-- RECORDS PROVIDED --
§ §
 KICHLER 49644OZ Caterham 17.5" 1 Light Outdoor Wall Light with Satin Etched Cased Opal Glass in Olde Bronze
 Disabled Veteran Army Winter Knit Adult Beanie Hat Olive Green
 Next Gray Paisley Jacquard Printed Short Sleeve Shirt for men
§ §
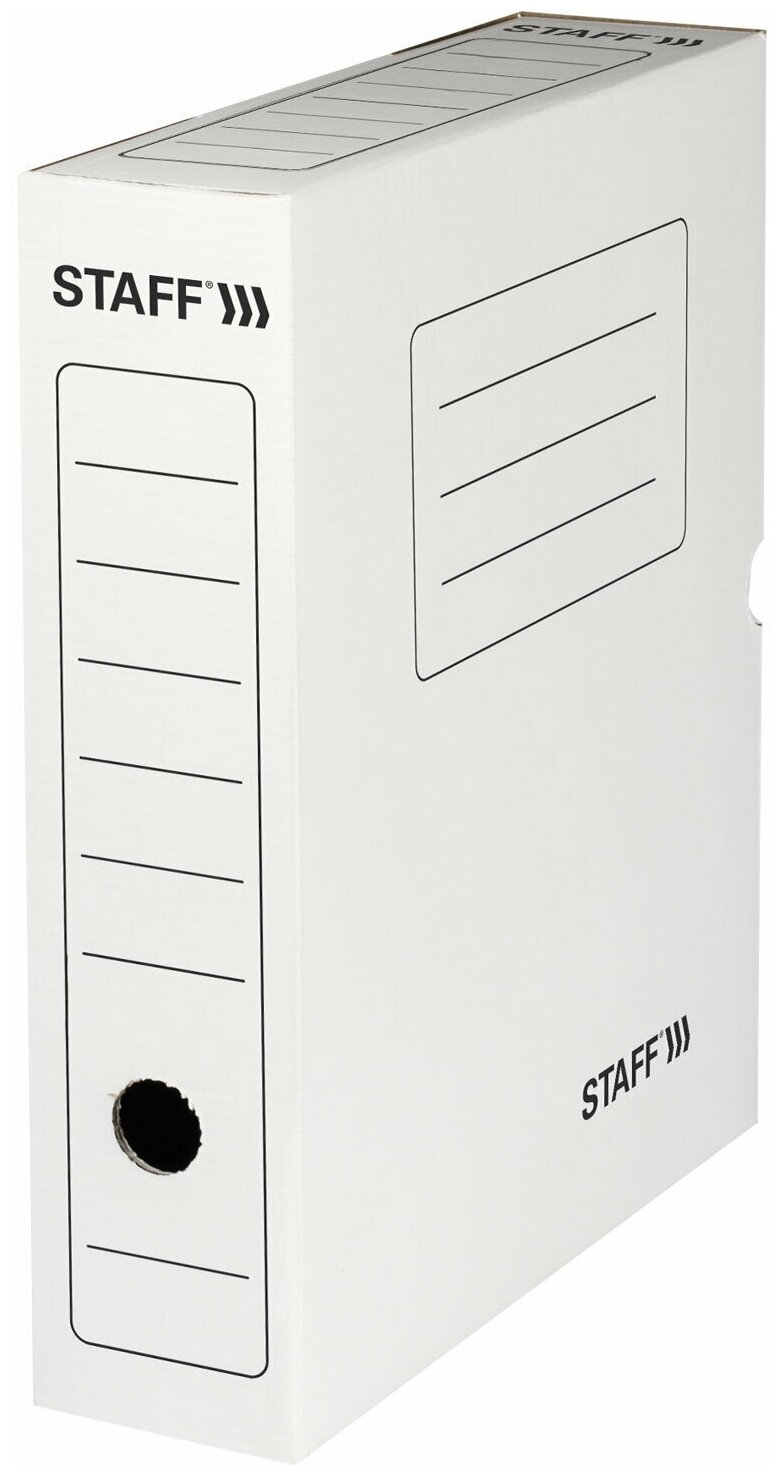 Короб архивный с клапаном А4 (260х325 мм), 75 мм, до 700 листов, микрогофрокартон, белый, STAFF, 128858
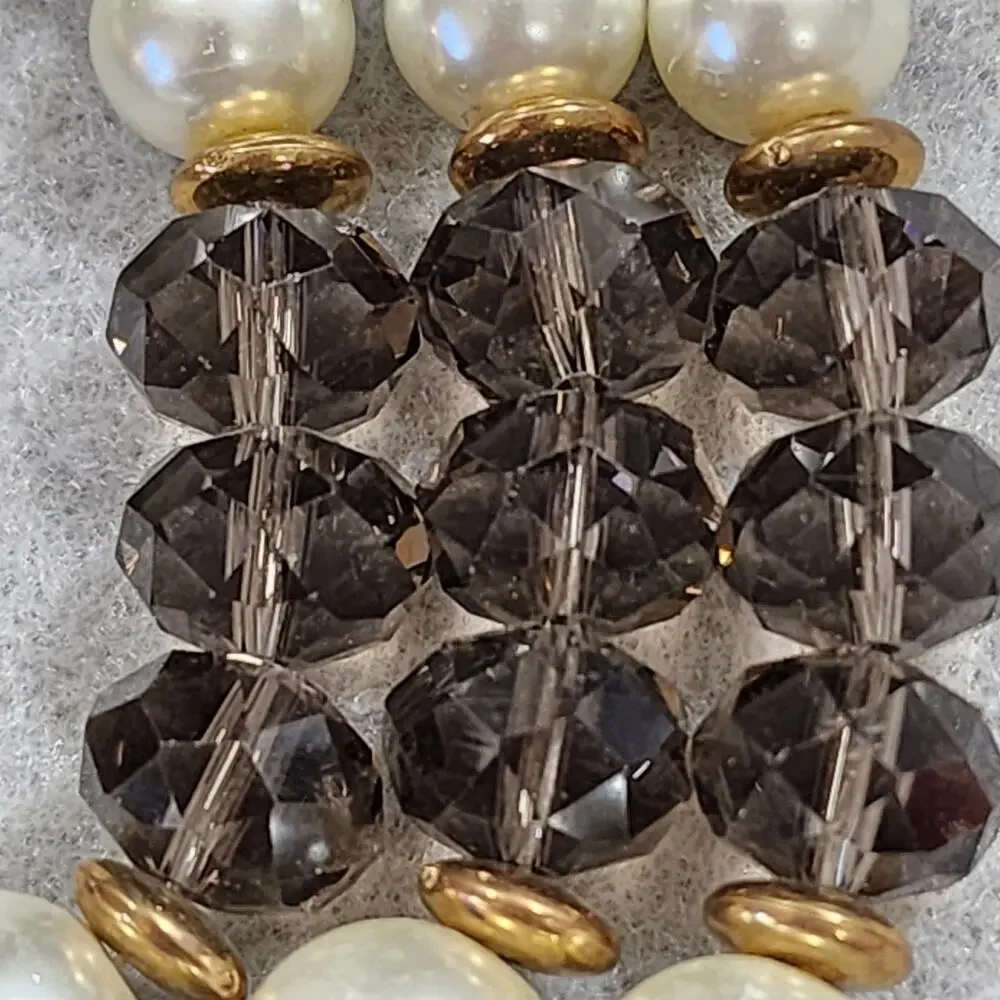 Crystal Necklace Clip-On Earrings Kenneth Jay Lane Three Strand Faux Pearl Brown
§ §
-- PROBLEM --
Precisely the lines between those holding "KICHLER 49644OZ Caterham" and "Next Gray Paisley", inclusive, are to be reproduced from the listing above, with nothing added.

-- EXERCISE RESULT --
 KICHLER 49644OZ Caterham 17.5" 1 Light Outdoor Wall Light with Satin Etched Cased Opal Glass in Olde Bronze
 Disabled Veteran Army Winter Knit Adult Beanie Hat Olive Green
 Next Gray Paisley Jacquard Printed Short Sleeve Shirt for men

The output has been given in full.